Boston defeated Pittsburgh 4-0. As you can see from my previous post, I fully expected the Bruins to advance to the Finals, but I did not think they would dominate Pittsburgh the way they did in this series. In games one and two, Pittsburgh decided they were going to try and play Boston’s style of hockey: very physical. Boston totally dominated both games, Pittsburgh started up the goalie carousel, and the series was basically over. Some may argue that games three and four were one goal games that could have gone either way, which is true, but both those games were dominated stylistically by the Bruins. They were not final scores of 5-4, but rather 2-1 and 1-0. Also, Tuukka Rask and the Bruins defense gave up a total of two goals the entire series. Sidney Crosby and Evgeni Malkin had a total of zero combined points in the series. Again, complete domination by the Bruins.

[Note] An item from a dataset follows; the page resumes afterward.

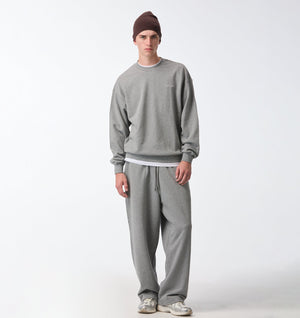 Oversized Crew - Grey Marle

Chicago defeated Los Angeles 4-1. Admirable title defense for the Kings. In order to beat Chicago though, they were going to need a fairly healthy team and for Jonathan Quick to steal them a couple games. Neither happened. In retrospect Quick played so well to steal the series against San Jose that he had to have a little let down against Chicago. As for the Blackhawks, Corey Crawford outplayed Quick in this series and the offense got more than enough goals to advance fairly easily. A dominant, quick performance for the Blackhawks which is probably exactly what they needed coming off the long series against Detroit in the previous round.

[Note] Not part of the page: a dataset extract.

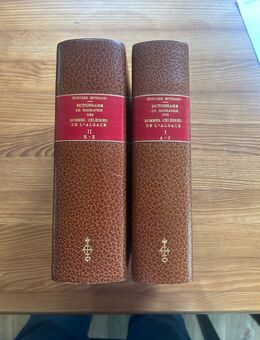Dictionnaire de Biographie des hommes celebres de l´Alsace Band 1+2 - Hannover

And now onto the rivalry. And I’m not talking about the Bruins vs the Blackhawks. I’m talking about me and Rmurdera against our friend Todd. I’ve been friends with Todd for at least a decade, and Rmurdera has been associated with him for six or seven years. Todd is the Chicago fan equivalent of me and Rmurdera. He loyally follows all the teams from Chicago, he has well-formed and informed opinions, but also the occasional irrational opinions and emotions. [Editor’s Note: If I’m not mistaken, during game 5 of Chicago’s first round series against Phoenix last year, Todd watched the entire 3rd period and overtime with his pants pulled down because it was “good luck.” So I can back up Nkilla’s claim that Todd is as irrational as us Boston fans.]

Todd doesn’t have to go running out for Blackhawks gear for himself and his kids for the next two weeks because he just jumped on the bandwagon…he already has everything he needs. When the White Sox won the World Series in 2005, Todd did not celebrate. He said something along the lines of “who the fuck cares, I’m a Cubs fan.” Again, a true sports fan and a loyal Chicago fan. You can understand why we became friends.

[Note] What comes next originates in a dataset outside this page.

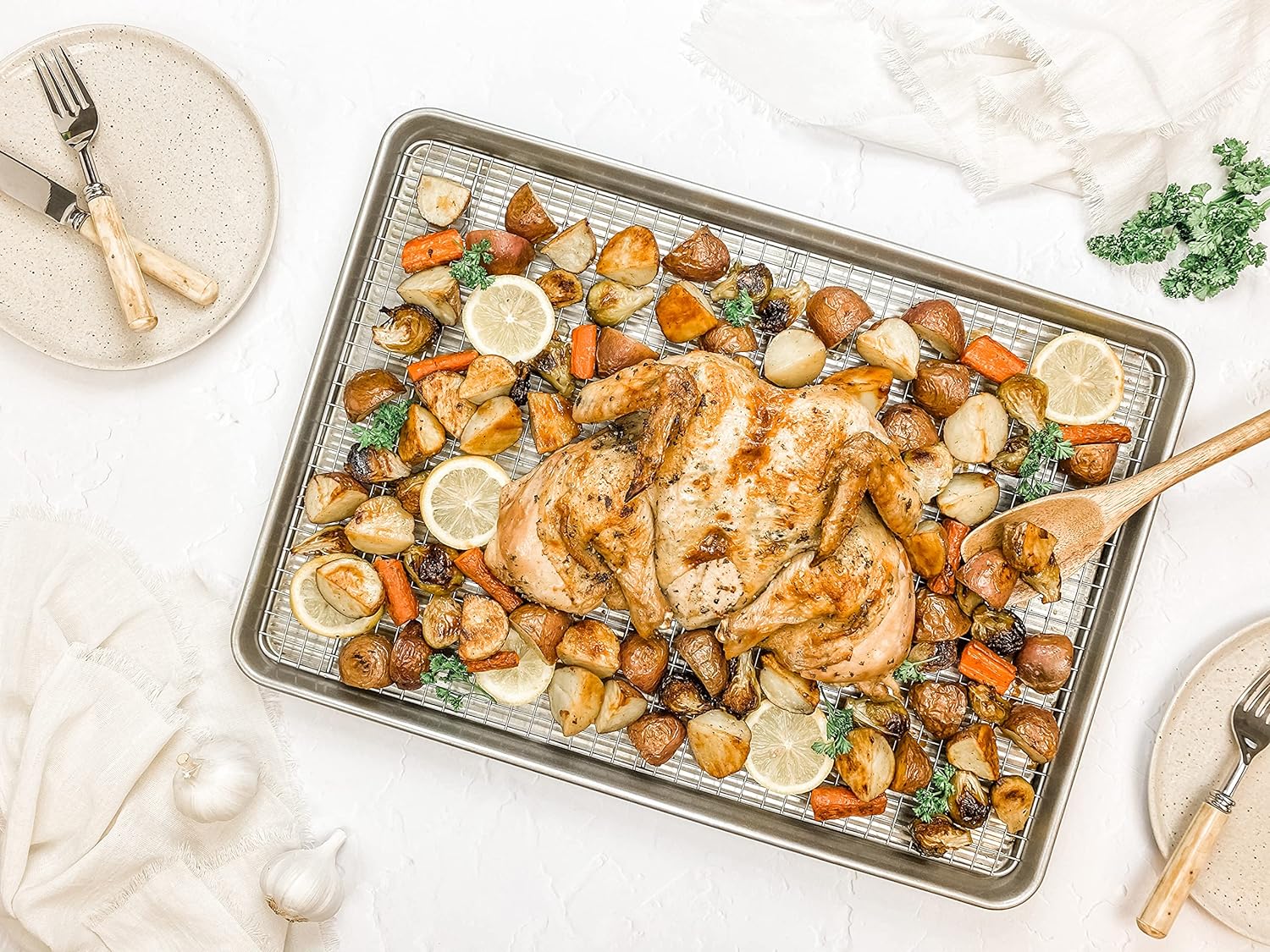 USA Pan Bakeware Half Sheet Baking Pan and Bakeable Nonstick and Cooli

So anyways, Rmurdera and I have been waiting for Boston to face Chicago in a championship round for several years. Up until now Todd has always been able to say “Super Bowl 20” which stings a little, but is also pretty dated. In the grand scheme of things, there isn’t really any hatred between Boston and Chicago. I actually have no ill-will towards the Blackhawks unless they are playing the Bruins (this could all change in two weeks). Now that the Red Sox have two championships in my lifetime, I hope the Cubs fans get theirs someday. This is all to say that the banter between myself and Todd will be of the “fun-loving” nature, as opposed to the “murderous nature” that exists when Boston goes head-to-head with New York for a title, or any time Chicago plays Green Bay or Minnesota. Since the Red Sox playing the Cubs in the World Series would be a sign of The Rapture, and by the time the Bears rid themselves of Jay Cutler, Tom Brady and Bill Belichick’s career might be over, I’m glad the Bruins and the Blackhawks are finally giving us a very meaningful Boston/Chicago title bout.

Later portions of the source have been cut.